① 黒川温泉のモットーである「黒川温泉一旅館」で代表されるように、地域が一体となり観光客と向きあっている。地域全体の魅力を高めることによって個々の事業者のメリット増加につなげている。
② そこにあるもの(素朴な自然、地域で永年にわたり営業してきた歴史、日常の生活)に付加価値を付けて魅力度を高めている。
③ 観光地振興・活性化の中心となる人物のリーダーシップ・献身が周りの関係者を巻き込んで大きな流れを作り出している。
④ 楽しい時間や面白い体験(「モノからコトへ」)を観光・集客の柱としている。

 しかし、今後も人気観光地を維持していくためには以下のような課題もあると感じた。
① 有名になると一般観光地化し、他の観光地と変わり映えしなくなり差別化ができなくなる。
② 観光客の増加に伴い、観光客の求めるものとずれが生じ満足度が低下する。「身の丈(規模)にあった集客」を忘れがちになる。
③ 「記念写真は1枚あればよい」の観光客をリピータ観光客にどう変えていくか。
④ 現地での消費をいかに増やすか。

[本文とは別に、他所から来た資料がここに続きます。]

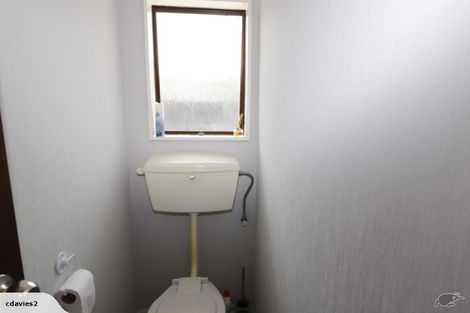 Photo of property in 48 Acacia Street, Kelvin Grove, Palmerston North, 4414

(もうけ主義でなくおもてなしの気持ちを忘れずに)
⑤ ヒト(先達者、リーダー、ボランティア)をいかに生み出すか。

 ちょっと観光しただけなのに(視察研修ではなかったの?本音がでた~)偉そうなこと書いてしまった。でも、貴重でありまた楽しい3日間を体験できて本当に良かったと思っている。福井県支部の会員の皆さんも次回は是非参加されることをお薦めする。